It is contended that the contract in question is not unlike a contract to procure marine insurance,, or a. contract to - *270obtain a charter for a vessel, which contracts are held not to be maritime contracts. It is argued on behalf of the plaintiff that if the contract sued upon had been a contract between the plaintiff and a broker for the latter to furnish cargo space on the S. S. Laurel, and he had failed ,in the performance of the contract resulting in the identical loss sued for in this case, such a contract would not have been a maritime contract, and that admiralty would not have had jurisdiction of the cause of action.
It is true that a mere preliminary agreement, eventually leading to the making of a maritime contract, does not fall within the admiralty jurisdiction, and that under this rule the courts have held that the admiralty courts are without jurisdiction of a contract to procure a charter party or a contract to procure marine insurance or to solicit freight.
The reason for this rule is obvious from the very essence of admiralty jurisdiction, which applies only where the substance of the whole contract is maritime, it not being a sufficient foundation for admiralty jurisdiction that there is involved in a contract some ingredients of a maritime nature. Corpus Juris, 1, sec. 68, p. 1267. See cases cited.
The instant case, in our opinion, does not come within the class of cases above stated and is clearly distinguishable from the cases cited in the plaintiff’s brief.
The plaintiff here, having goods which it desired to transport by water from Mobile, Alabama, to Buenos Aires, South America, entered into a contract with the Munson Steamship Line, then controlling and operating the S. S. Laurel for and on behalf of the defendant, to furnish it cargo space for the carriage of the said goods on its vessel, the S. S. Laurel, at a designated time, from Mobile, Alabama, to Buenos Aires, South America.

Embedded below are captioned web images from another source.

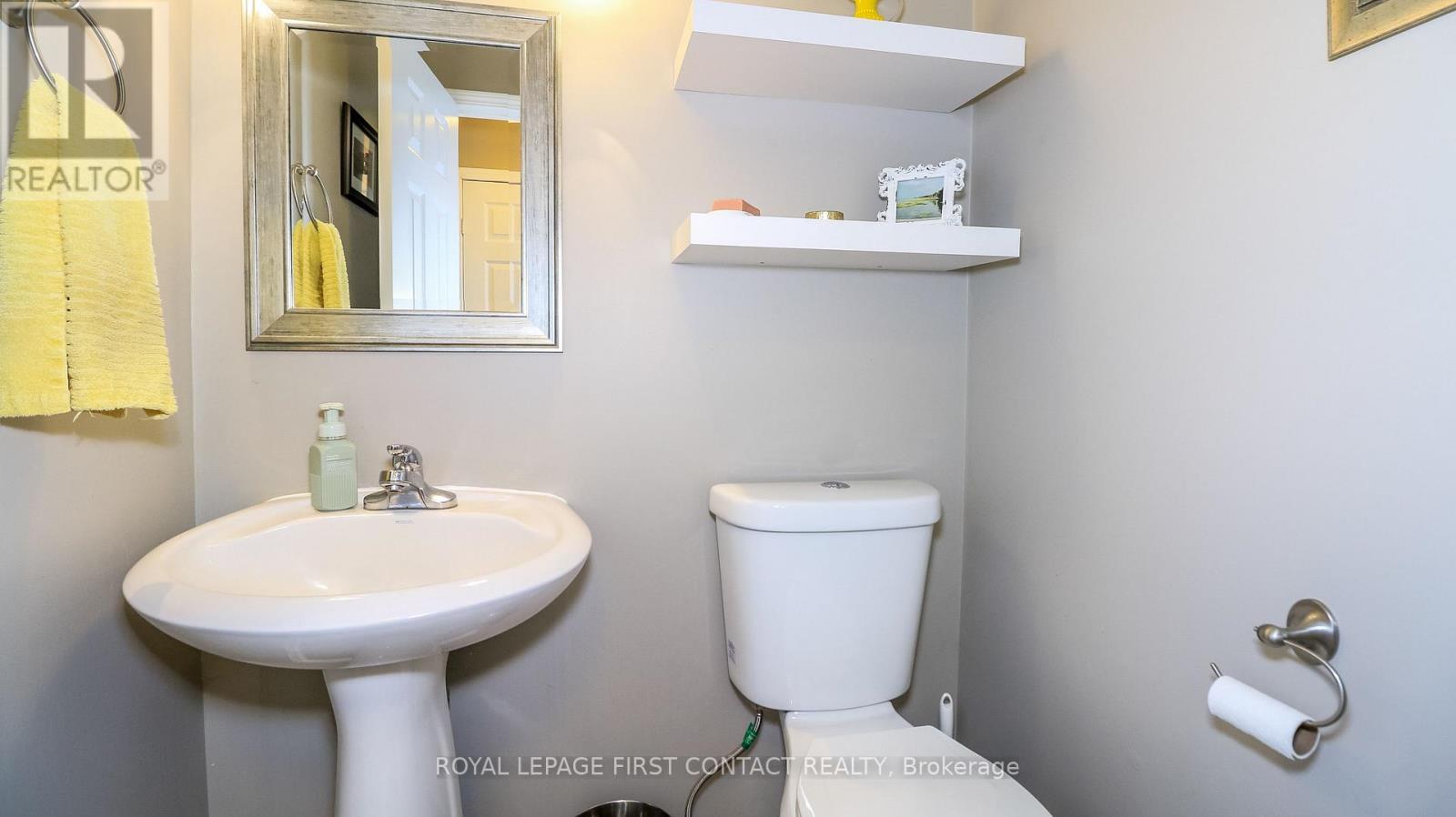 












34 RIDWELL STREET

,
Barrie,




Ontario
L4N0W7


This was not a preliminary contract leading to the making of a maritime contract later, but was a complete and definite contract for the performance of a maritime service. Contracts of this character are held by the courts to be within the admiralty jurisdiction. Patterson v. Baltimore Steam-Packet Co., 106 Fed. 957; Graham v. Oregon R. & Navigation Co., 135 Fed. 608; American Hawaiian S. S. Co. v. Willfuehr et al., 274 Fed. 214.
*271In Patterson v. Baltimore Steam-Packet Go., supra, the court said:
“ It is urged on behalf of the exceptant that the contract was not a maritime contract, but was a contract merely preliminary and leading to a maritime contract, and therefore not of admiralty cognizance. It is true that when the goods are actually put on board the ship a bill of lading is customarily given, which sets forth with particularity the stipulations of the contract of affreightment. But a bill of lading is not necessary. Ben. Adm. (3d Ed.) sec. 286. In this case there was, if the allegations of the libel be true, a concluded agreement that the exceptant, on the one hand, would be furnished space on a steamer or steamers of the Johnston Line sailing late in June, 1898, for 1,000 bales of cotton, from Baltimore to Liverpool, and, on the other hand, that the exceptant would ship the cotton, and pay 26 cents per 100 pounds freight. Is this not a final contract for a purely maritime service ? If the ship or ships were named, I think it could not be questioned. Does the fact that, instead of a named vessel, the engagement is for a vessel or vessels of an established line of steamers, sailing regularly from the port, and made with the agents known to be acting for those steamers, alter the nature of the contract or the service ? ***** * *
“ Whether the contract is maritime or not depends solely upon the subject matter and nature of the service to be performed, and results from the contract itself, and not from the performance of it. The Pacific, 1 Blatchf. 587, Fed. Cas. No. 10,643.”
Even if the plaintiff’s position that the contract sued upon was merely a preliminary contract leading to the making of a maritime contract, by the issuance of a bill of lading when the goods were placed on board the defendant’s vessel, the S. S. Laurel, the plaintiff can not maintain its suit in this court. The bill of lading, which is admittedly a maritime contract, was actually issued in strict conformity with the terms of the so-called booking contract. The petition alleges—
“ That following the said tender of delivery of the said 300 bales of wheat bags, and on or before December 5, 1919, the defendant’s agents issued an ocean bill of lading covering said 300 bales of wheat bags, acknowledging the receipt of said wheat bags and delivered the usual and customary number of copies of said ocean bill of lading to claimant’s *272banker to be attached to draft covering said shipment; that, notwithstanding the tender by the claimant, through its agent, Mobile and Ohio Railroad Company, of delivery of said 300 bales of wheat bags, and, notwithstanding the issuance of its ocean bill of lading acknowledging receipt and acceptance of said 300 bales of wheat bags for shipment on the S. S. Laurel, the defendant’s agents, in breach of the booking contract ’ with said claimant, failed and neglected to load or place, or cause to be placed, said bales of wheat bags upon its said S. S. Laurel, but, on the contrary, and subsequent thereto, to wit: on or about the 12th day of January, 1920, placed said bales of wheat bags on defendant’s vessel Decatur Bridge for transportation of the same to Buenos Aires, Argentina, S. A.”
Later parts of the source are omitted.